# Compact Storage



## cpo (Aug 3, 2017)

I've received a comment from a LA reviewer regarding mobile shelving.  The comment states we need to show compliance with the NFPA 13 area limitations for this hazard group and the comment states this area is 1500 SF for This is approximately 200 SF of 10' tall mobile shelving so Ordinary Hazard Group 2. I can not find anything in NFPA 13 that tells me what is required to define this area or even the 1500 SF number the plan checker is citing. What am I missing?  Are we required to have an actual wall?  Rated?  Or just no more than 1500 SF?


----------



## cda (Aug 3, 2017)

Welcome


----------



## cda (Aug 3, 2017)

Restate the question?

Are you talking fire sprinkler plan review or a building plan?

Is the building built?

Remodel?


----------



## cda (Aug 3, 2017)

The other thing to do is ask the nice plan reviewer to cite the section and edition,

Where the comment came from

So you can review the correct section

Especially dealing with 13


----------



## cpo (Aug 3, 2017)

Thanks for the response.  

The review is actually just for the shelving.  This is for a prototypical retail tenant improvement project in an existing shell and we always have the shelving vendor go in for a separate permit.  I agree the best approach is to ask the reviewer for the code reference but I usually like to review the code before I have a conversation so just hoping someone might know where they're coming from.
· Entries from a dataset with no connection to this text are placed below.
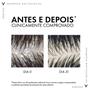 Imagem de Vichy Dercos Shampoo Anticaspa DS - Cabelos Secos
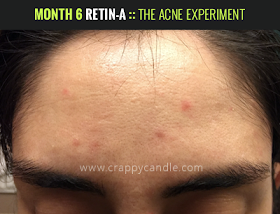 Month 6 on Retin-A :: The Acne Experiment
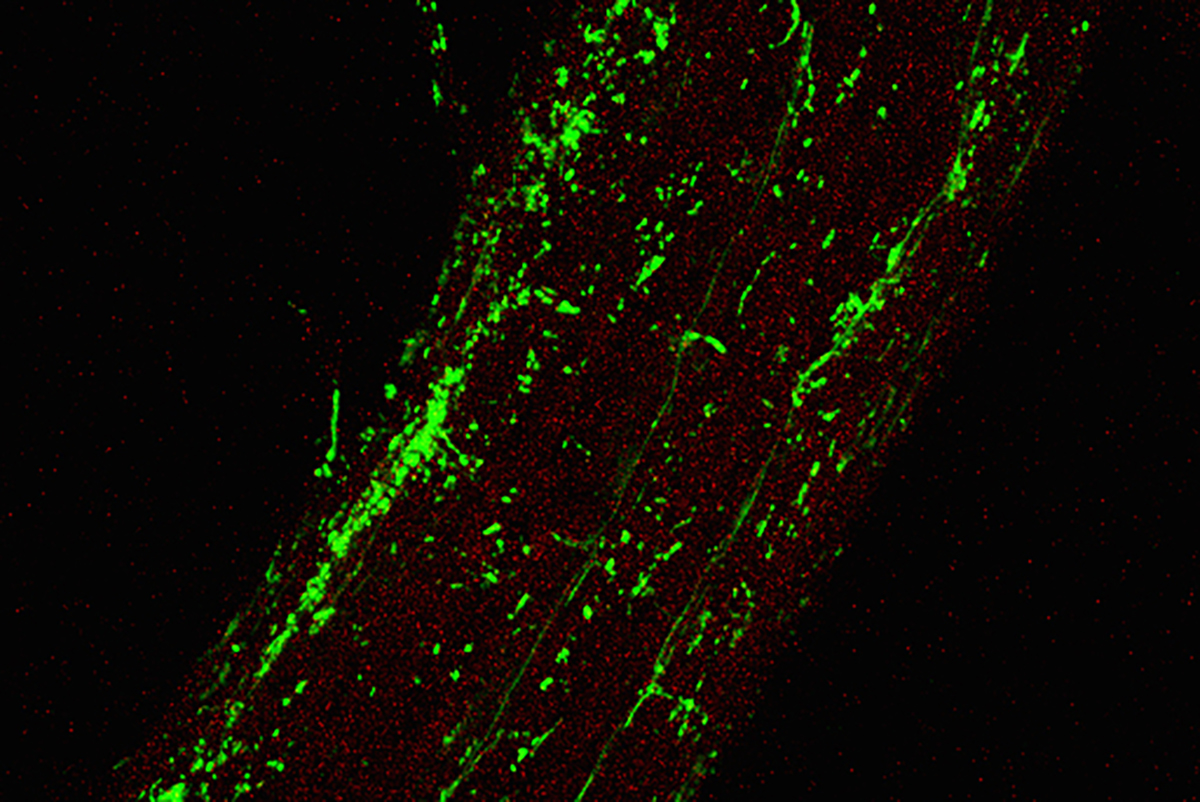 Mikroben besiedeln die Pflanzenwurzeln und beeinflussen so die Gesundheit ihrer Wirtspflanze. Die Bakteriengemeinschaft (grün) auf der Wurzel (rot) wurde mit Hilfe von Fluoreszenz-in-situ-Hybridisierung und konfokaler Mikroskopie visualisiert. Bild: Klaus Schlaeppi.
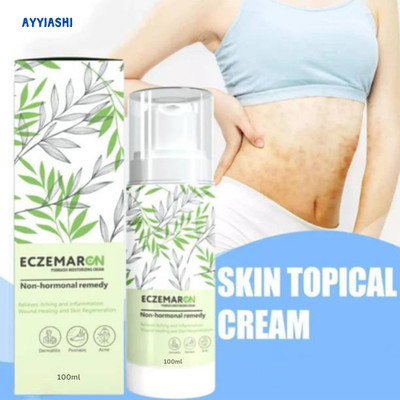AYYIASHI Eczemaron Soft Touch Cream For Smooth And Healthy Skin(100 ml)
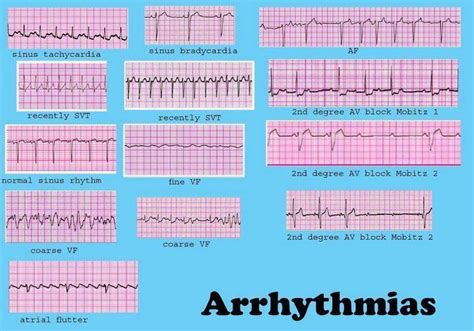 Dysrhythmia Cheat Sheet Cardiac Dysrrhythmia Aka Arrhythmia And
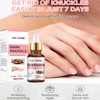 Dark Knuckle Whitening Serum, Whitening Serum Hand Knuckle Glow Serum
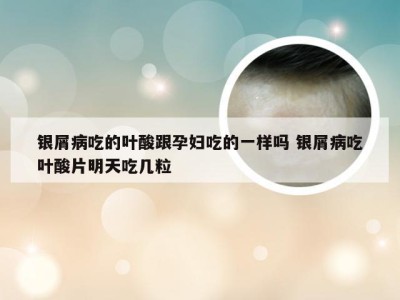 银屑病吃的叶酸跟孕妇吃的一样吗 银屑病吃叶酸片明天吃几粒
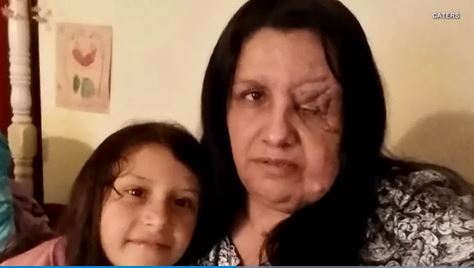 Mom with facial tumors says her daughter is being bullied because of them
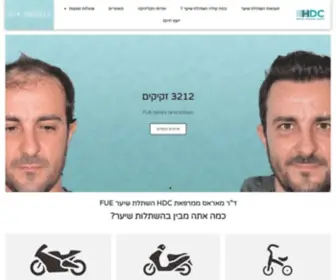 Hairtransplant-CY.co.il(השתלת שיער בחו"ל בשיטת FUE ע"י ד"ר מאראס) Screenshot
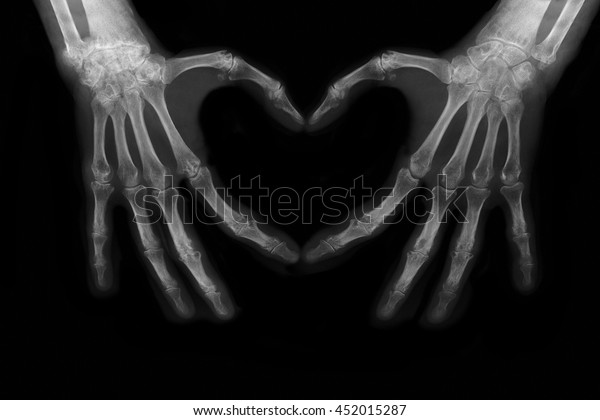 Bones of hands making\
the sign of love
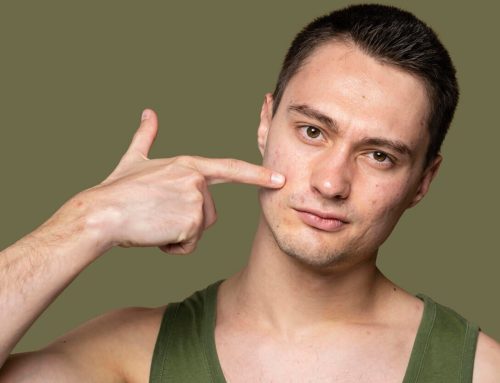 Acne Scar Treatment for Different Skin Types. Common Acne Scarring Triggers. Using Blue Light Therapy for Acne Treatments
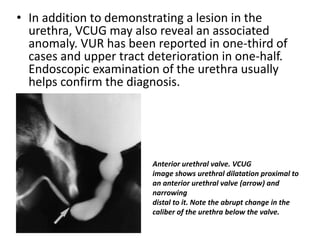• In addition to demonstrating a lesion in the
urethra, VCUG may also reveal an associated
anomaly. VUR has been reported in one-third of
cases and upper tract deterioration in one-half.
Endoscopic examination of the urethra usually
helps confirm the diagnosis.
Anterior urethral valve. VCUG
image shows urethral dilatation proximal to
an anterior urethral valve (arrow) and
narrowing
distal to it. Note the abrupt change in the
caliber of the urethra below the valve.
 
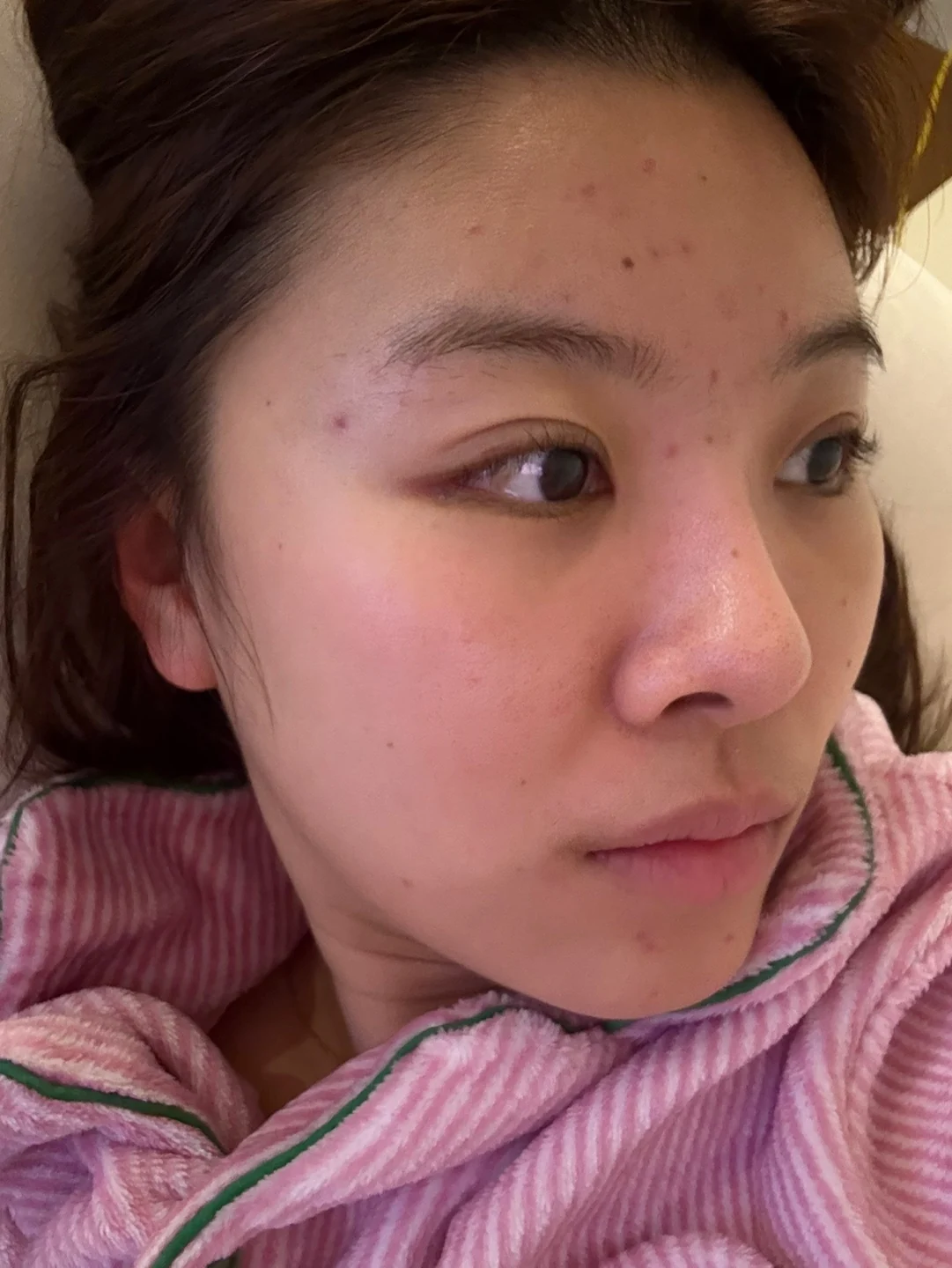 Eye surgery: the first month in photos · Case 027 at Answer Plastic Surgery. Oblique view — 3 weeks at Answer Plastic Surgery.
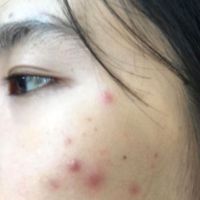 Ăn sầu riêng bị nổi mụn phải làm sao? Ăn sầu riêng bị nổi mụn phải làm sao?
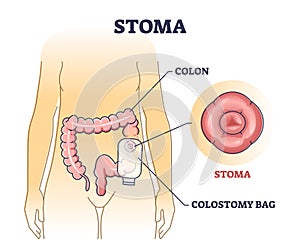 Stoma bag after colon surgery as medical patient drainage outline diagram photo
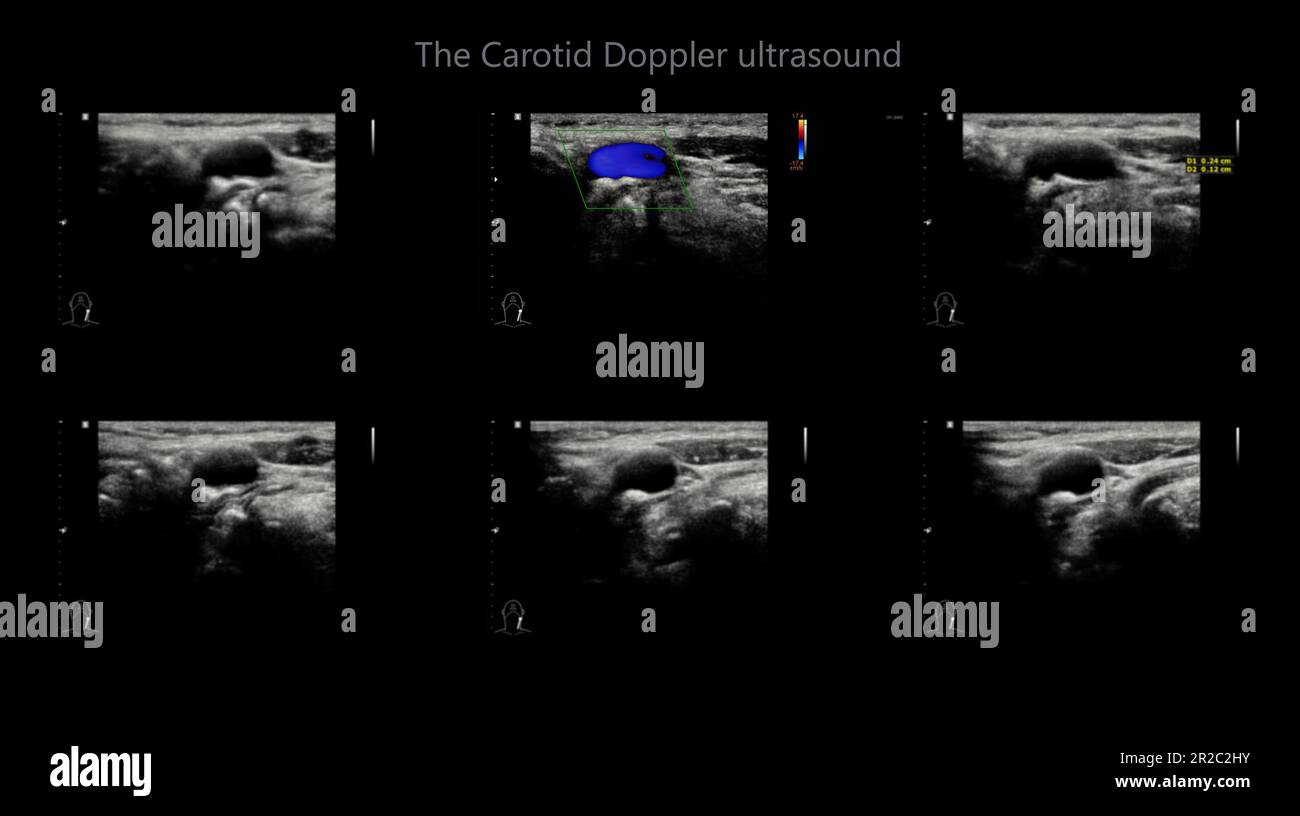 A carotid artery Doppler ultrasound is a diagnostic test used to check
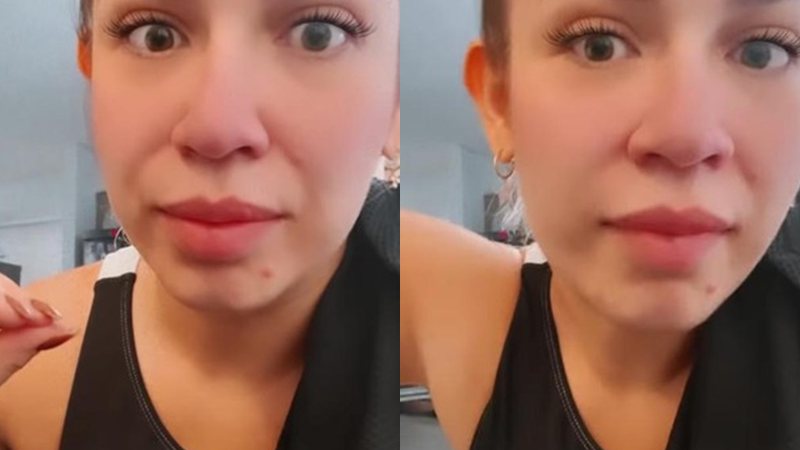 Marília Mendonça desabafa em seu Instagram sobre as acnes que apareceram em seu rosto - Foto: Reprodução / Instagram @mariliamendoncacantora
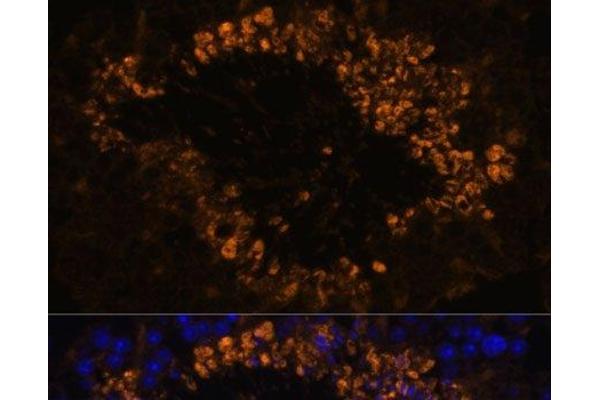 OXCT2 antibody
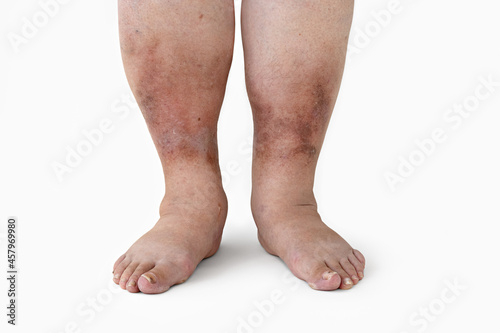 Swelling of the leg with inflammation in diabetic nephropathy in a woman, close-up.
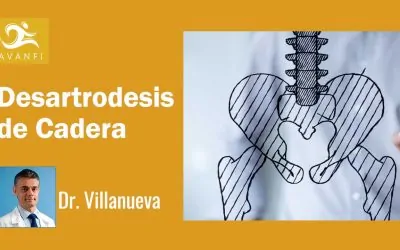 ¿Qué es una Desartrodesis de Cadera?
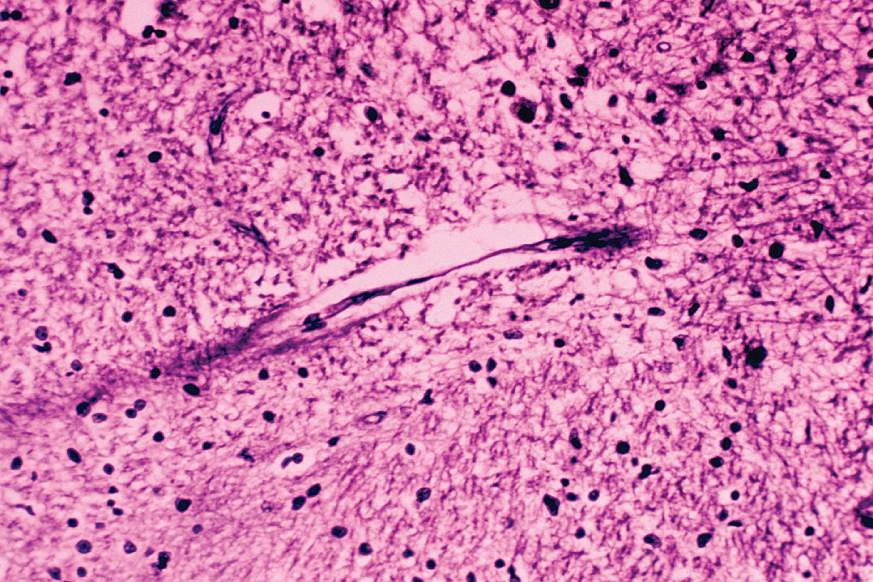 Microscopic image of an Alzheimer’s brain with neurofibrillary tangles in the cerebellum.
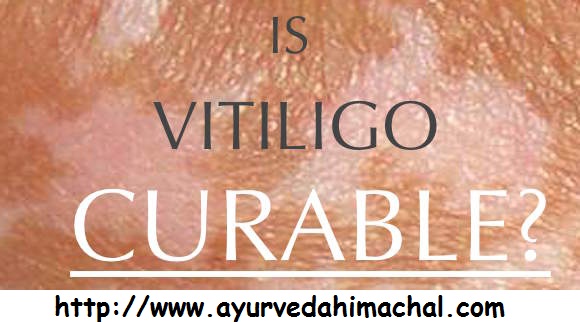 Ayurveda-Vitiligo-cure.jpg Ayurveda-Vitiligo-cure.jpg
To restate the question where in NFPA 13 does it state what is required to enclose mobile shelving which is defined as compact storage?  Do I need a physical barrier, a draft curtain or is it just the area limitation?


----------



## Insurance Engineer (Aug 3, 2017)

I do not have the 2016 Ed of 13, but I know the 2013 ed does not provide sprinkler density requirements for compact storage. 
See FM Data Sheet 8-33 CAROUSEL STORAGE AND RETRIEVAL SYSTEMS 
They are free from FM.

For sprinkler protection, for storage over 5' they require in-rack sprinklers and design area of 1500-2000 sq. ft with ceiling density of.15-.30 depending on commodity classification. Also the carousel must stop at water flow.


----------



## cda (Aug 3, 2017)

Retail tenant as in someone that is going to sale to the public
As in like a target store but smaller ?!

I am thinking 13 does not normally dictate

""required to enclose mobile shelving which is defined as compact storage? Do I need a physical barrier, a draft curtain or is it just the area limitation?""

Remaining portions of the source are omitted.